▶ **EXERCISE REQUIREMENTS**: Each record below is to be output unchanged, and any picture is to be dropped.

▶ **RECORDS PROVIDED**:
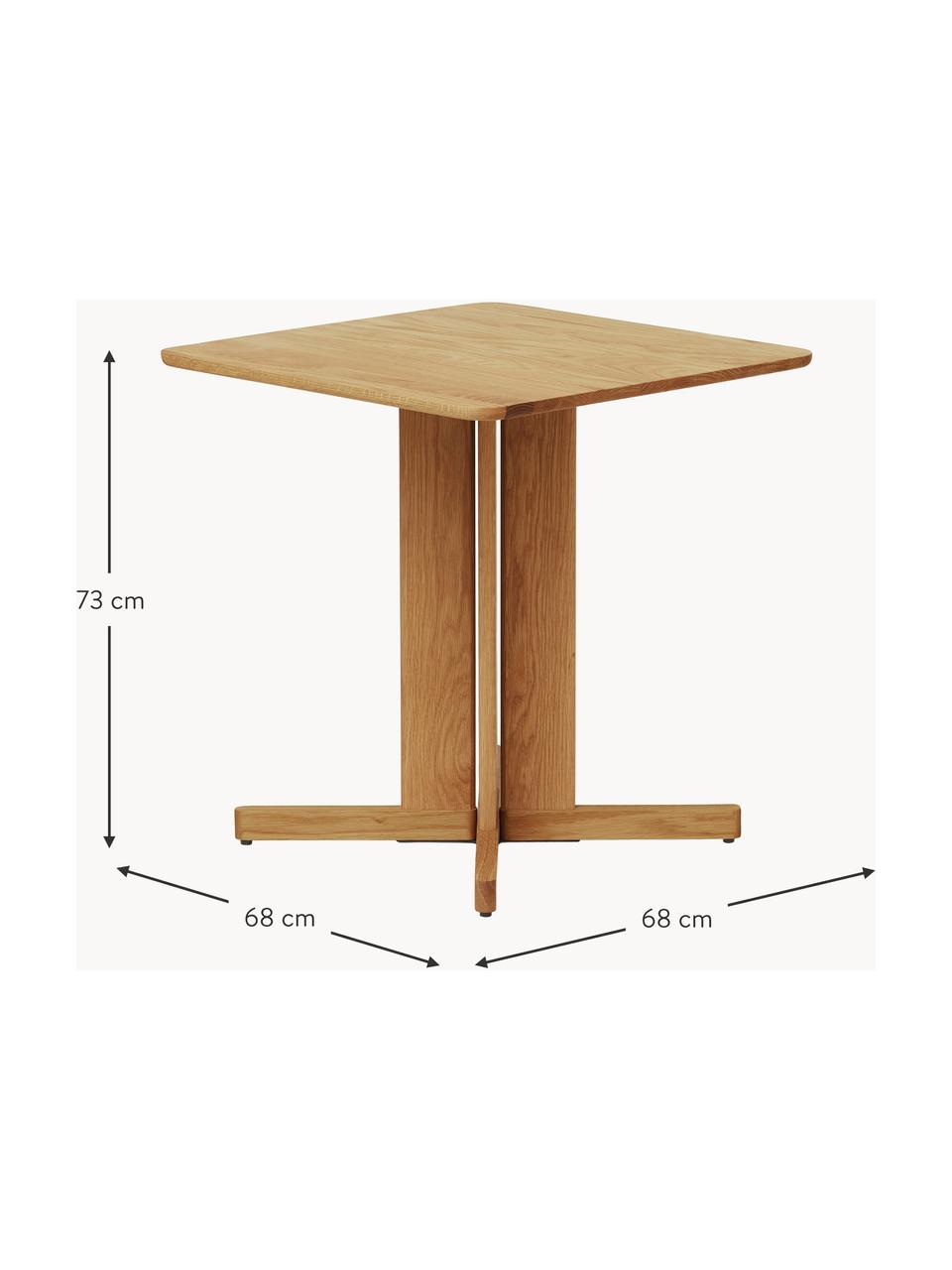 Jídelní stůl z dubového dřeva Quatrefoil, 68 x 68 cm, Dubové dřevo, Dubové dřevo, Š 68 cm, H 68 cm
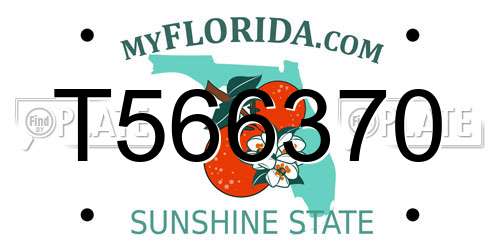 T566370 Florida License Plate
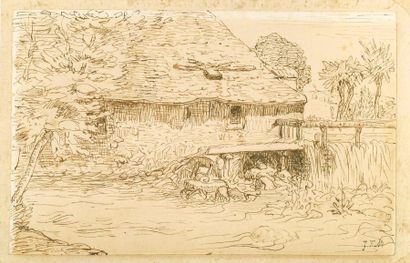 MILLET Jean François (1814-1875) « Moulin à eau près de Vichy » Encre sur papier,...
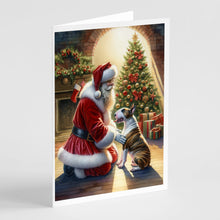 Load image into Gallery viewer, Bull Terrier and Santa Claus Greeting Cards - Blank Note Cards – 8-Pack of Artist-Designed Cards with Envelopes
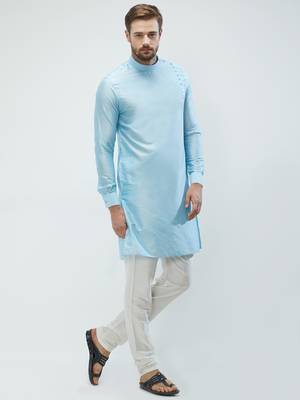 irin Sky Blue Poly Viscose Full Sleeves Solid Mandarin Kurta Churidar Set For Men 3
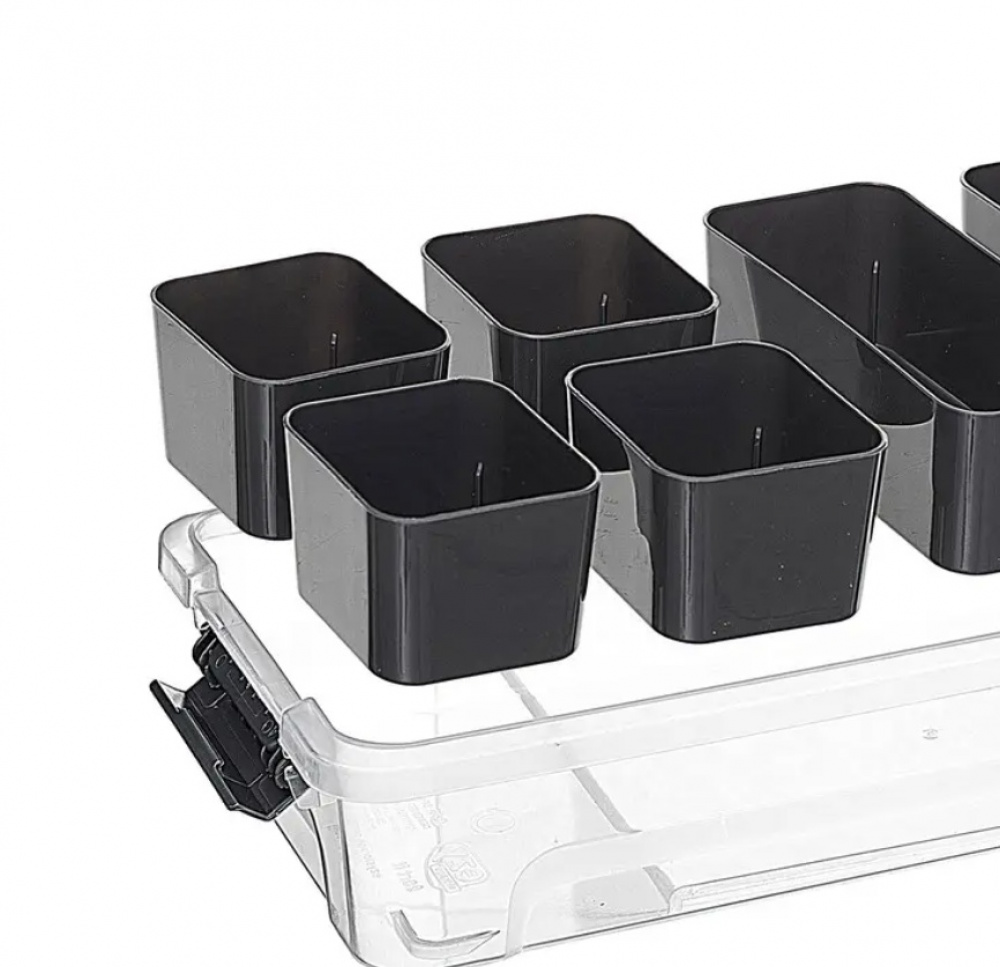 Låda, långsmal, med 6 burkar för sortering, EZY SORT IT, 35 x 15.5 x H 7 cm, Transparent / Grå i gruppen Förvaring / Förvaringslådor hos SmartaSaker.se (41873)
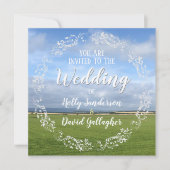 Sky & Fields Design Wedding Kaart (Voorkant)
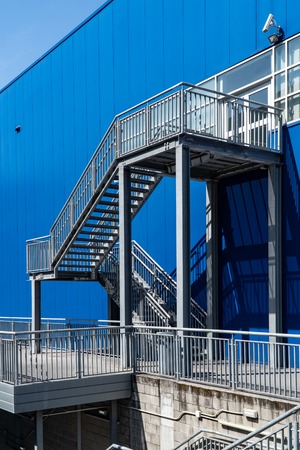 Fire escape ladder of a modern commercial buildingの写真素材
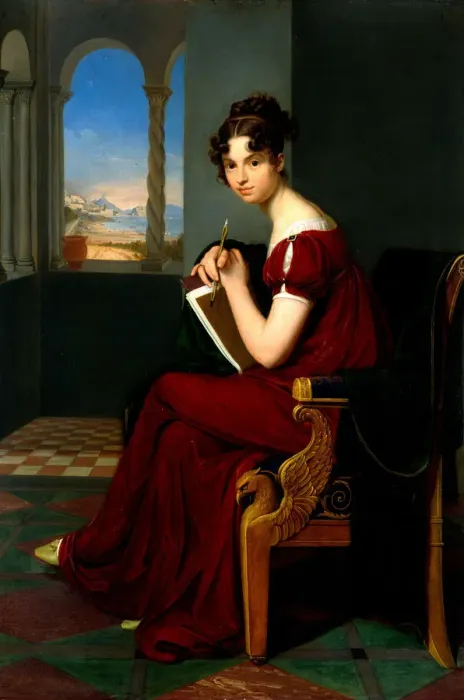 Framed Print : Young Lady with Drawing Utensils, 1816. Artist: Vogel von Vogelstein, Carl Christian (1788-1868)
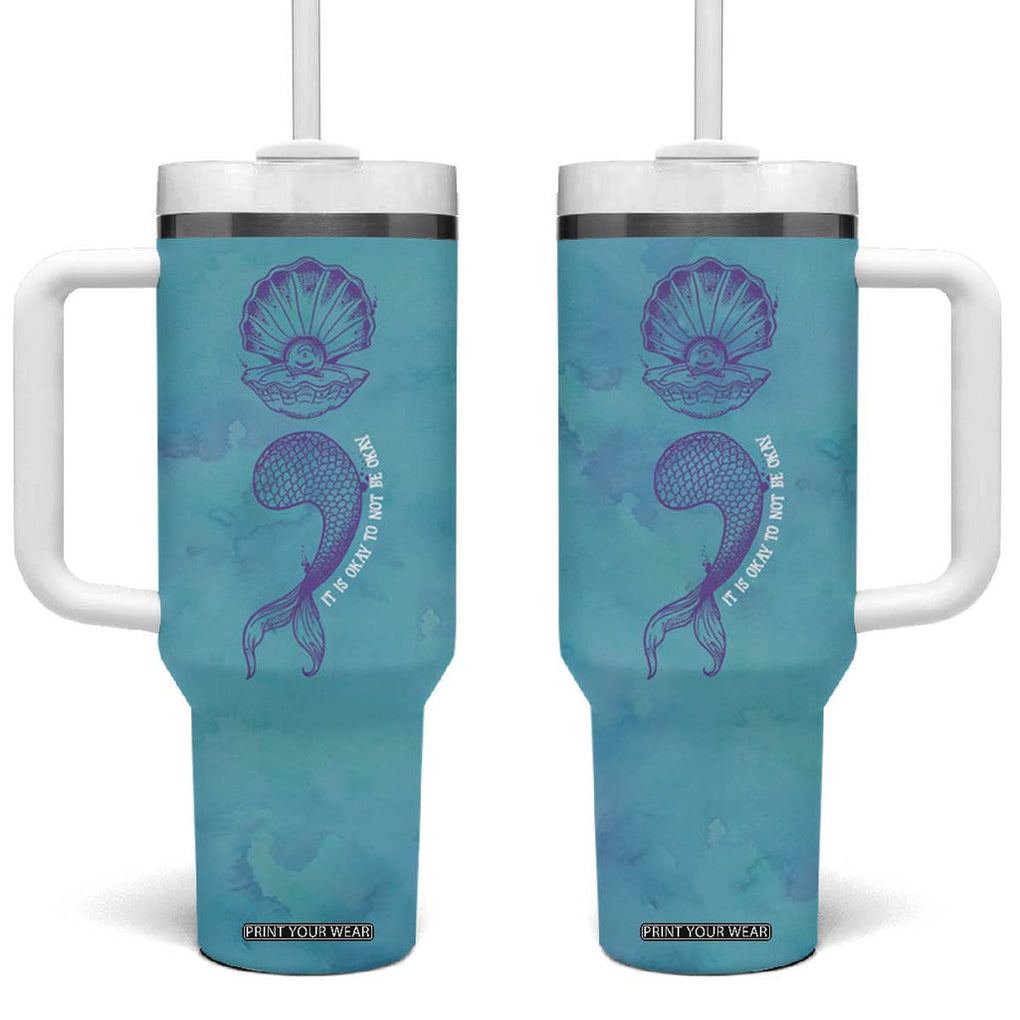 Suicide Prevention Awareness Tumbler With Handle It's Ok To Not Be Ok Mermaid Semicolon Teal Purple Ocean TB09 One Size: 40 oz Teal Purple Print Your Wear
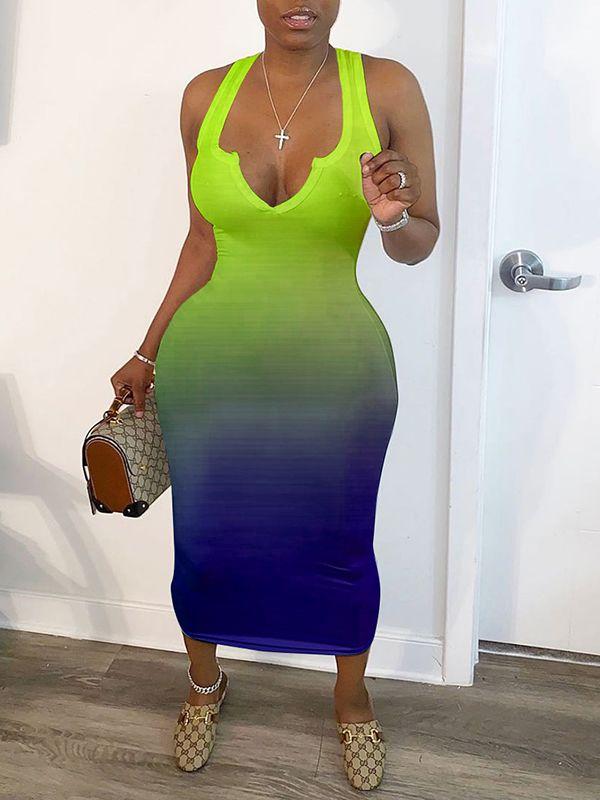Indiebeautie V-Neck Gradient Dress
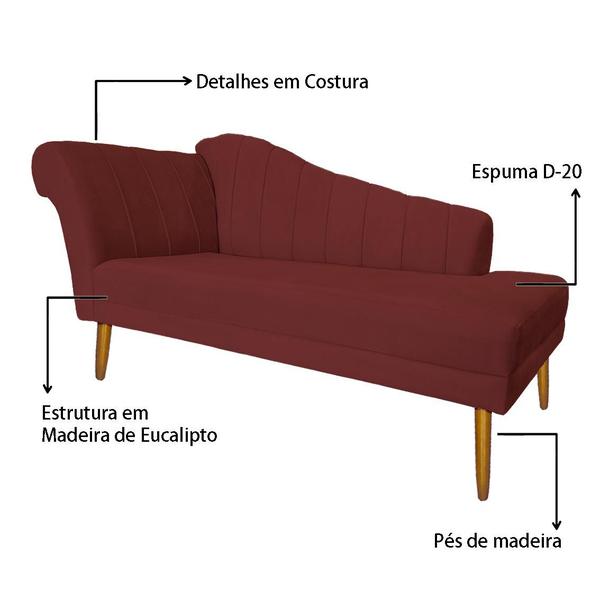 Imagem de Recamier Cecília Estofado Direito Com Pés Palito Sala de Estar Suede Vermelho Bordô - DL DECOR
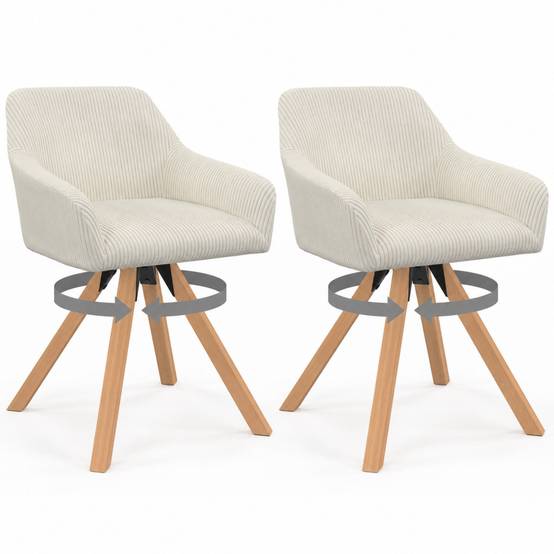 Lot de 2 chaises pivotantes de salle à manger, fauteuils de table JANY en velours côtelé beige - Image 2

▶ **OUTPUT OF THE EXERCISE**:
 Jídelní stůl z dubového dřeva Quatrefoil, 68 x 68 cm, Dubové dřevo, Dubové dřevo, Š 68 cm, H 68 cm
 T566370 Florida License Plate
 MILLET Jean François (1814-1875) « Moulin à eau près de Vichy » Encre sur papier,...
 Load image into Gallery viewer, Bull Terrier and Santa Claus Greeting Cards - Blank Note Cards – 8-Pack of Artist-Designed Cards with Envelopes
 irin Sky Blue Poly Viscose Full Sleeves Solid Mandarin Kurta Churidar Set For Men 3
 Låda, långsmal, med 6 burkar för sortering, EZY SORT IT, 35 x 15.5 x H 7 cm, Transparent / Grå i gruppen Förvaring / Förvaringslådor hos SmartaSaker.se (41873)
 Sky & Fields Design Wedding Kaart (Voorkant)
 Fire escape ladder of a modern commercial buildingの写真素材
 Framed Print : Young Lady with Drawing Utensils, 1816. Artist: Vogel von Vogelstein, Carl Christian (1788-1868)
 Suicide Prevention Awareness Tumbler With Handle It's Ok To Not Be Ok Mermaid Semicolon Teal Purple Ocean TB09 One Size: 40 oz Teal Purple Print Your Wear
Indiebeautie V-Neck Gradient Dress
 Imagem de Recamier Cecília Estofado Direito Com Pés Palito Sala de Estar Suede Vermelho Bordô - DL DECOR
 Lot de 2 chaises pivotantes de salle à manger, fauteuils de table JANY en velours côtelé beige - Image 2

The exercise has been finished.